● **Records for the exercise**:
··········

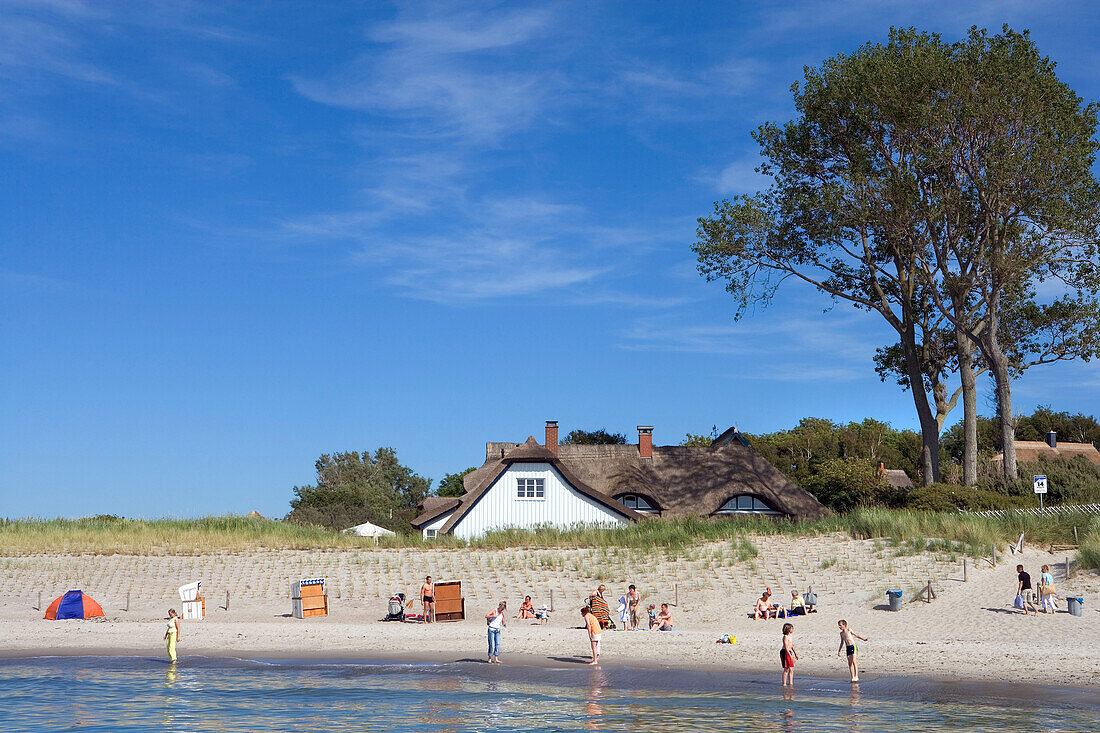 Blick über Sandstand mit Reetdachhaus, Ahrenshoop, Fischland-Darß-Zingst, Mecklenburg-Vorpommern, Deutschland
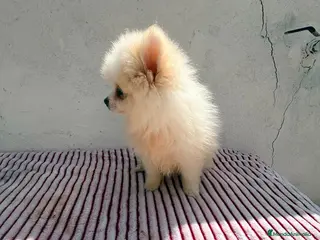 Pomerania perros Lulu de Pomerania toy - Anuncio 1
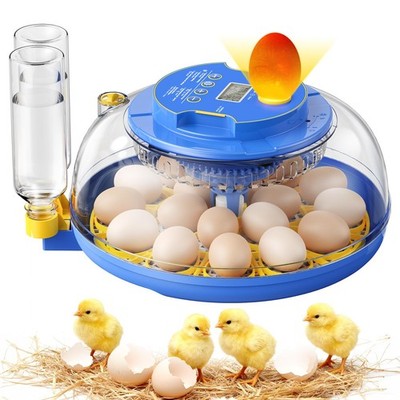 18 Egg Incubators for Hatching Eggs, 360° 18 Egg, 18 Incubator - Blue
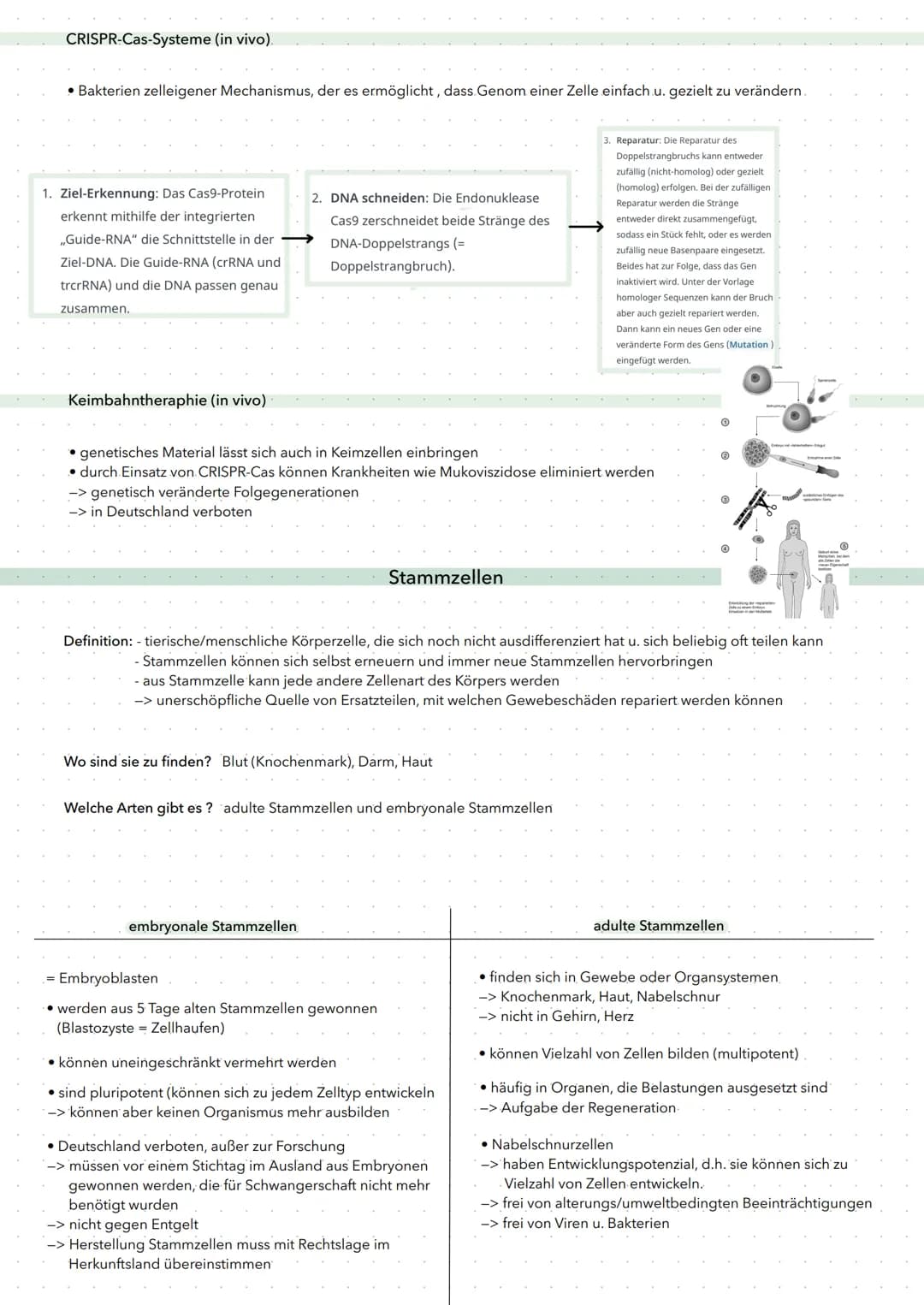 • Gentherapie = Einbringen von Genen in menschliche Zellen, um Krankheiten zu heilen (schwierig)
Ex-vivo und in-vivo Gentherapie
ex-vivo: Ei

··········

● **Requirement**:
All of the material above goes into the copy exactly as is; the pictures do not.

● **Exercise output**:
 Blick über Sandstand mit Reetdachhaus, Ahrenshoop, Fischland-Darß-Zingst, Mecklenburg-Vorpommern, Deutschland
 Pomerania perros Lulu de Pomerania toy - Anuncio 1
 18 Egg Incubators for Hatching Eggs, 360° 18 Egg, 18 Incubator - Blue
 • Gentherapie = Einbringen von Genen in menschliche Zellen, um Krankheiten zu heilen (schwierig)
Ex-vivo und in-vivo Gentherapie
ex-vivo: Ei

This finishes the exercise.